The notion, of the local authority (at least, in principle) dropping out of the loop, calls into question the very meaning and purpose of state education. A local authority’s overarching duty, in relation to state education is laid down by statute as follows:-

A local authority shall (so far as their powers enable them to do so) contribute towards the spiritual, moral, mental and physical development of the community by securing that efficient primary education, and secondary education are available to meet the needs of the population of their area.
So the statutory definition and purpose of state education, which has its origins in the 1944 Education Act. Is, in effect:-
The spiritual, moral, mental and physical development of the community.
The word “spiritual” is deeply objectionable; the word “moral” is, at best, highly problematical.

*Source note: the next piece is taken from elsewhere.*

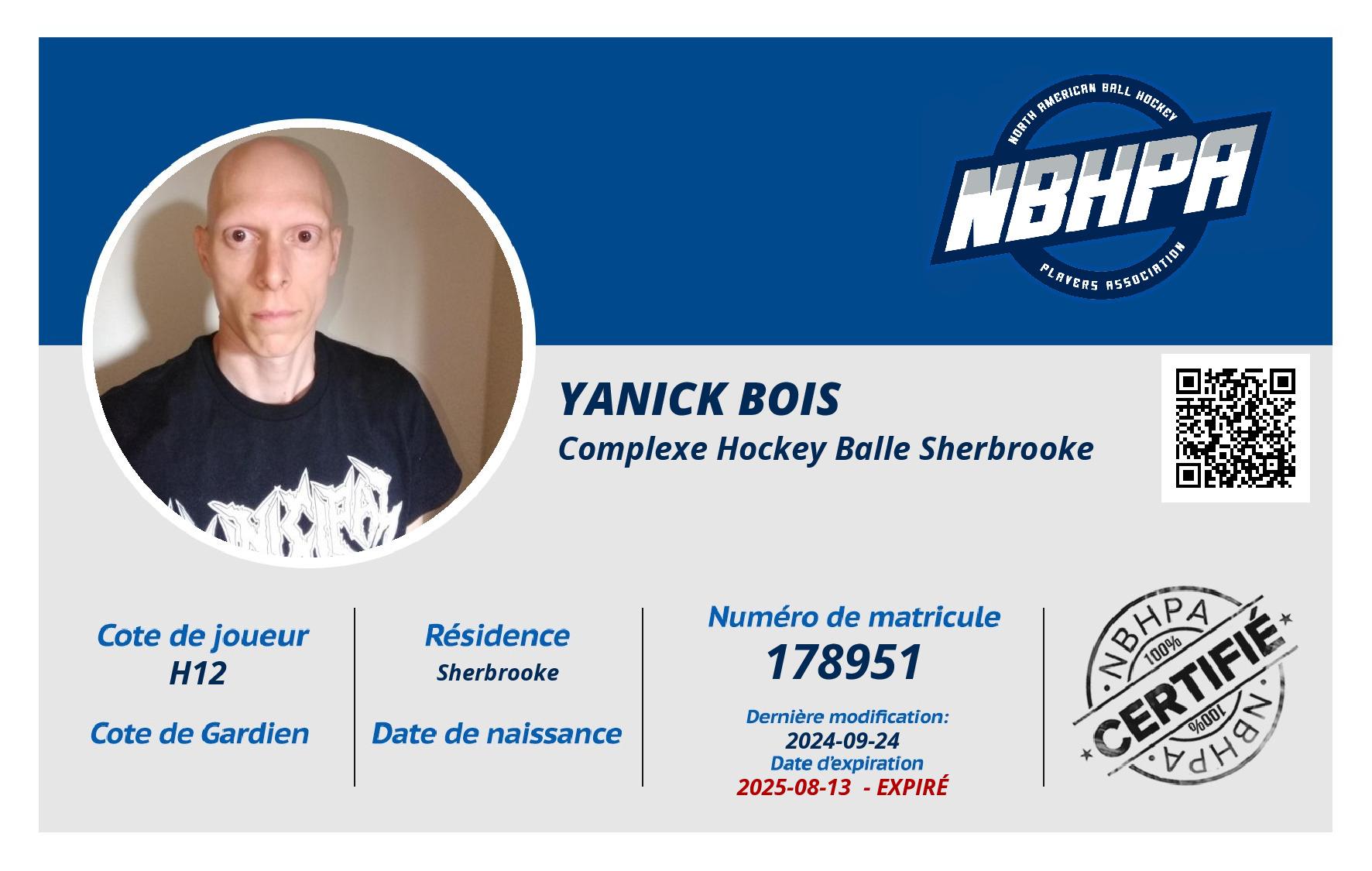 Yanick Bois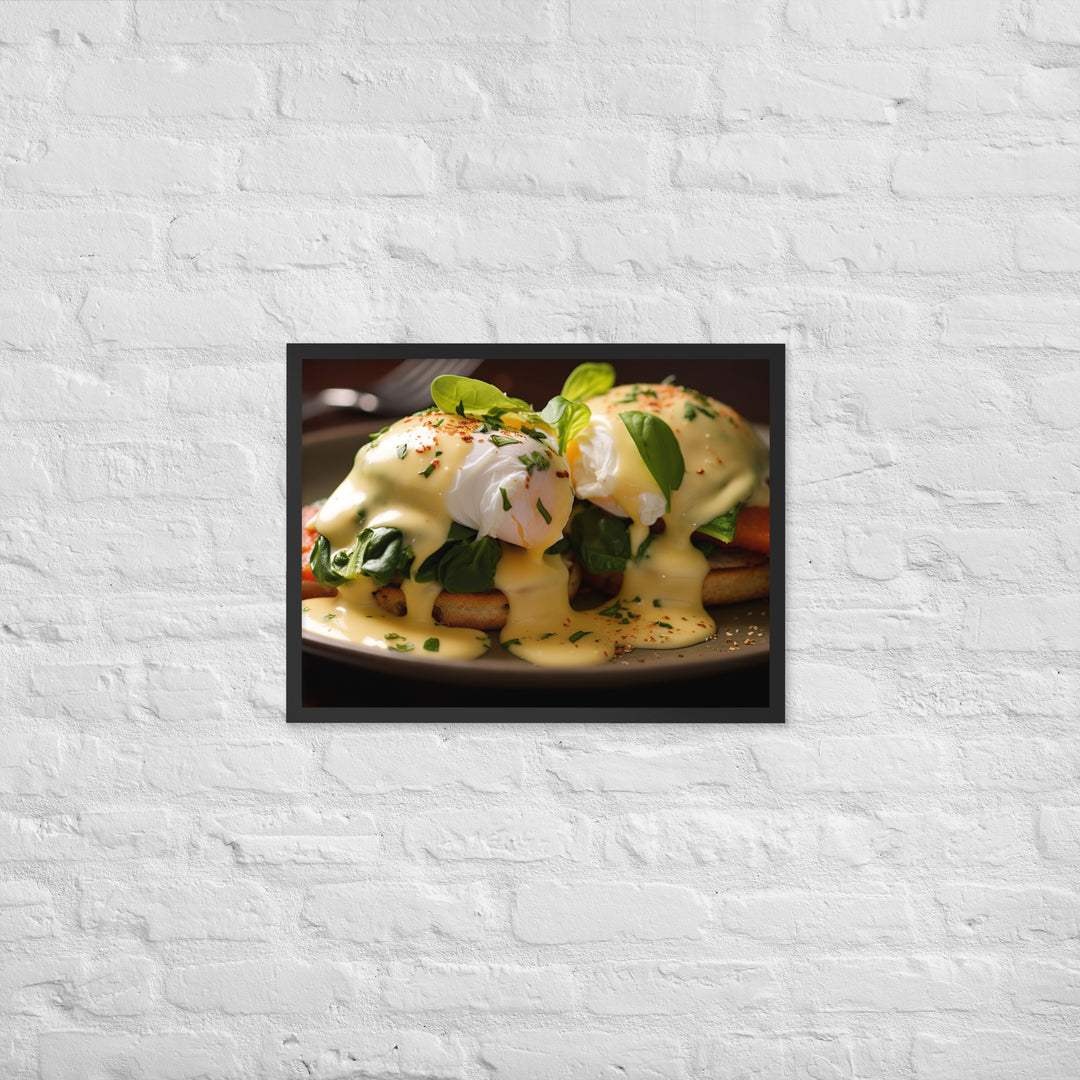 Florentine Eggs Benedict Framed poster 🤤 from Yumify.AI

Leaving those issues aside, however, the essence of state education is the development of the community; not the pupil, the community. That is why the local authority – as supposed representative and builder of the community – has traditionally been regarded as an essential part of the state education loop. With the local authority removed, no equivalent duty is place on either of the remaining players, central government and academies. Therefore, the academies programme marks a fundamental shift from the traditional “communitarian” view of state education to an “individualist” view.

What is probably (he must correct me if I am wrong) David’s central thesis is expressed in the following:-
Religious parents are taxpayers just the same as non-religious parents. For the government to fund non-religious schools but not religious schools is clearly a case of discrimination on the grounds of religion or belief in the allocation of public funds.
… religious parents, who pay their taxes just the same as everyone else, should be able to choose to send their children to such a school if they want to and that a liberal democratic state has no business withholding funds from such schools.
A sizeable proportion of taxpaying parents prefer to send their children to schools with a religious ethos. I believe that a liberal, democratic society should accede to this preference unless there are overriding reasons not to do so.
Implicit in this is the idea that parents pay taxes in return for the state education of their children. That is not so; parents (and all taxpayers) pay taxes because, if they did not, their property would, ultimately, be appropriated by the State. There is nothing – state education or anything else – in return for taxes.

But there is a common fiction that people do, in fact, pay taxes for things – including state education – in return, and we will pretend that this is the case. But there is a problem: as we have seen, state education is not regarded as the development of pupils (the parents’ children); it is the development of the community.

Former pupils contribute to the community through the provision of goods and services to others, who are taxpayers. If a taxpayer receives a benefit from the “development of the community”, he has paid twice for it: first in taxes which have funded the education of those former pupils, and secondly in the price of those goods and services. The cost, of that education of those who provide them, is part of the cost of the goods and services. So, the “development of the community” is a flawed notion.

So, taxpayers are paying tax in return for the state education of children (but not necessarily their specific children). The community drops out of the loop and so does the local authority. That is reflected in the academies programme.

Academies are independent schools, funded by the state out of taxation and free to parents at the point of delivery. But we can look at this in a different way (the difference being merely a matter of accounting): parents pay fees to the academy for their specific children’s education; to the extent that they cannot afford to do so, those fees are subsidized by the State out of the taxation of others who can afford to pay. This is precisely what will happen; tax, paid by the parents, will off-set the per-pupil cost which follows the pupil to whichever school the parents choose to send him or her.

On that analysis, parents do, indeed, pay taxes in return for the state education of their children.